The Health Consequences of Chronic Insomnia

Sleep is not merely restorative in a vague sense—it serves specific physiological functions that, when denied, produce measurable harm:

Cardiovascular: Chronic short sleep duration (<6 hours) is associated with a 20% increased risk of incident hypertension, 48% higher risk of coronary artery disease, and 15% increased stroke risk in meta-analyses
Metabolic: Sleep restriction promotes insulin resistance, increases appetite (via leptin/ghrelin dysregulation), and is a significant risk factor for type 2 diabetes
Immune: Sleep deprivation impairs NK cell activity, reduces vaccine antibody response, and increases susceptibility to respiratory viral infections
Cognitive: Chronic sleep restriction produces progressive cognitive impairment at deficits greater than subjects typically perceive—people underestimate their own impairment after multiple nights of inadequate sleep
Psychiatric: Insomnia is among the strongest modifiable risk factors for developing depression and anxiety disorders

Managing persistent fatigue—which insomnia reliably produces—often requires addressing sleep quality before resorting to stimulating agents. Wakefulness-promoting medications such as those in the modafinil category address fatigue symptoms in specific clinical contexts but do not treat the underlying sleep disorder.

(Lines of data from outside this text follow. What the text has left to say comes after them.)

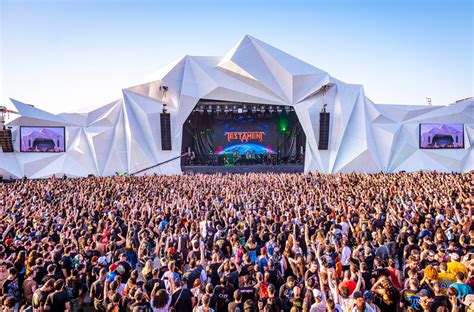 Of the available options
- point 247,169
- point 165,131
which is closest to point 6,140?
point 165,131

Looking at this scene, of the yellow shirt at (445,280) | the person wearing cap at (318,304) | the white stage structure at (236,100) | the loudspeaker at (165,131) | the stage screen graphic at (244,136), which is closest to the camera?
the person wearing cap at (318,304)

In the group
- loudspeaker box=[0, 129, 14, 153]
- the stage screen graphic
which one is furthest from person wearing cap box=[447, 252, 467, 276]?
loudspeaker box=[0, 129, 14, 153]

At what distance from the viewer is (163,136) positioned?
89.2 feet

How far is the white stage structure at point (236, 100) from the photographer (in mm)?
27344

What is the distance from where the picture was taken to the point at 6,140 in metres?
26.3

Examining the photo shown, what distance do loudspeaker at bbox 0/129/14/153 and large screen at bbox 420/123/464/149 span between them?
30580 millimetres

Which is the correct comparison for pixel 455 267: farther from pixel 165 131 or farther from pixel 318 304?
pixel 165 131

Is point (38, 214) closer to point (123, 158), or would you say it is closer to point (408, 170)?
point (123, 158)

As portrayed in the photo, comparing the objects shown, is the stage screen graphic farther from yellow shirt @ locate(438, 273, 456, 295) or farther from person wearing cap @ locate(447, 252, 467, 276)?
yellow shirt @ locate(438, 273, 456, 295)

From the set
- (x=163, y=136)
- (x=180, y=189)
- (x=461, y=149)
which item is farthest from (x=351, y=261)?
(x=461, y=149)

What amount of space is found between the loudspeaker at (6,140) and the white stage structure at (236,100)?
2.15 feet

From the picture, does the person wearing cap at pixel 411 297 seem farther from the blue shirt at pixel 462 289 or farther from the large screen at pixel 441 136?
the large screen at pixel 441 136

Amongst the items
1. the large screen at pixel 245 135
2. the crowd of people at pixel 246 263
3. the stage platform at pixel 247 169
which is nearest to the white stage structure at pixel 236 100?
the stage platform at pixel 247 169

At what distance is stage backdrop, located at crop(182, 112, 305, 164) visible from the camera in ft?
110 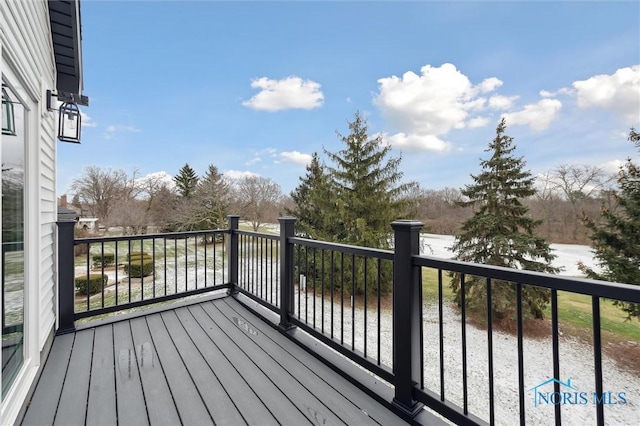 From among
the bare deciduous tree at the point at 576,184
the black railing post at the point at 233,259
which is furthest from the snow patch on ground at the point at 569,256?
the black railing post at the point at 233,259

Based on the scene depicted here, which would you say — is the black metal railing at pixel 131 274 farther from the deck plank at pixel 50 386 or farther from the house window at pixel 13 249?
the house window at pixel 13 249

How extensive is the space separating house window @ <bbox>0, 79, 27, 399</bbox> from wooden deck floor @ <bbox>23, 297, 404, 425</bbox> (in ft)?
1.06

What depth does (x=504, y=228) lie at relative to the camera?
8.31 metres

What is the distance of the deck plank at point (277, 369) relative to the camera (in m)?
1.59

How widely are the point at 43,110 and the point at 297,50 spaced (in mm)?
7822

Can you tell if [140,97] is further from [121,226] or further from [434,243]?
[434,243]

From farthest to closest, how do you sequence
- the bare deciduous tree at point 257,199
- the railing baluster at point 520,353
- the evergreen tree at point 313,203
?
the bare deciduous tree at point 257,199, the evergreen tree at point 313,203, the railing baluster at point 520,353

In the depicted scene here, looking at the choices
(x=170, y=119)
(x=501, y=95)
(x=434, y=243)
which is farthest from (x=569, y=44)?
(x=170, y=119)

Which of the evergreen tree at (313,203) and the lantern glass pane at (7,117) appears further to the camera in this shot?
the evergreen tree at (313,203)

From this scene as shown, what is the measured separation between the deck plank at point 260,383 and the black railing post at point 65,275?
1.24 meters

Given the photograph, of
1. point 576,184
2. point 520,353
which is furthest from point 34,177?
point 576,184

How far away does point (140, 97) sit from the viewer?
11367mm

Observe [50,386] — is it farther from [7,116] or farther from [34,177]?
[7,116]

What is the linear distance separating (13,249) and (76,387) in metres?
0.92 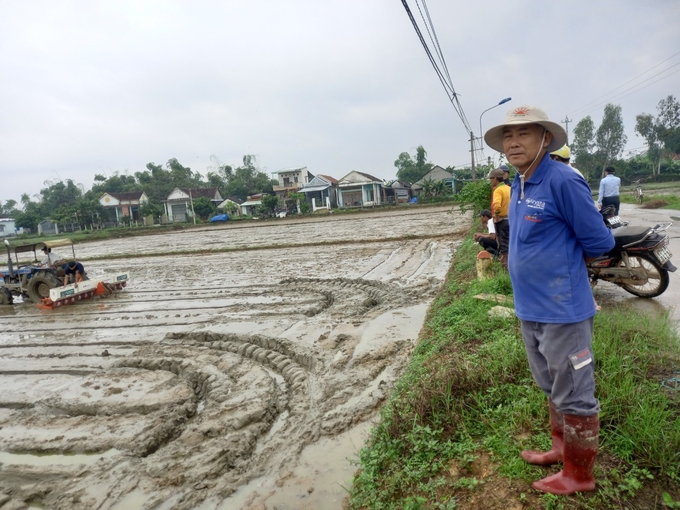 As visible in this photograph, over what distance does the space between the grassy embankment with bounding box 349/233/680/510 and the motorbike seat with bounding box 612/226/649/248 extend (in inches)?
68.8

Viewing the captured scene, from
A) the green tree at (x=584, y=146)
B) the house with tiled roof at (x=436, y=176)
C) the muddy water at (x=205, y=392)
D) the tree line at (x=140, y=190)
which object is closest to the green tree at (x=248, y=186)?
the tree line at (x=140, y=190)

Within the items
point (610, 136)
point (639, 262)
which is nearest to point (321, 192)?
point (610, 136)

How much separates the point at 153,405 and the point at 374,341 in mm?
2871

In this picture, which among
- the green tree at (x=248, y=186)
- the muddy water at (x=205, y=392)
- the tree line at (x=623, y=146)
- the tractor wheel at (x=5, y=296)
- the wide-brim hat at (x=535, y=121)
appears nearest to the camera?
the wide-brim hat at (x=535, y=121)

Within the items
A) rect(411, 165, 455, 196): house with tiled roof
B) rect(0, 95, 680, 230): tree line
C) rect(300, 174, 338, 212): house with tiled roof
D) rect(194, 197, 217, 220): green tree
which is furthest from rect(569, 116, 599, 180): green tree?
rect(194, 197, 217, 220): green tree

Insomnia Across the Lifespan

Insomnia presentations differ meaningfully by age group, with important implications for evaluation and treatment selection.

Insomnia in adolescents is often driven by a biologically delayed sleep phase (circadian rhythm shift in adolescence) combined with early school start times and excessive screen exposure. Melatonin at low doses (0.5–1 mg) timed 1–2 hours before desired sleep onset can assist circadian adjustment, while CBT-I principles apply with age-appropriate modification.

Insomnia in adults frequently involves stress reactivity, work schedules, parenting demands, and caffeine use. The cognitive hyperarousal component — the racing mind — is often the primary target for CBT-I in this group.

Insomnia in older adults involves distinct physiology: natural shifts toward earlier sleep timing, reduced slow-wave sleep, increased nocturnal awakenings, and altered sleep homeostatic pressure. Comorbid conditions including pain, nocturia, restless legs syndrome, and cognitive decline contribute significantly. Pharmacological options require careful selection given age-related changes in drug metabolism and increased sensitivity to CNS effects.

Insomnia in menopause is common and often driven by vasomotor symptoms (hot flashes and night sweats) disrupting sleep continuity. Sleep disruption from vasomotor symptoms has a different treatment pathway than primary insomnia — addressing the hormonal trigger (through hormone therapy where appropriate) may be more effective than CBT-I or sedative-hypnotics in these cases.

The American Academy of Sleep Medicine publishes its clinical practice guidelines for behavioral and pharmacological treatment of insomnia at aasm.org. For a comprehensive evidence review, the NIH’s National Center on Sleep Disorders Research provides updated research summaries.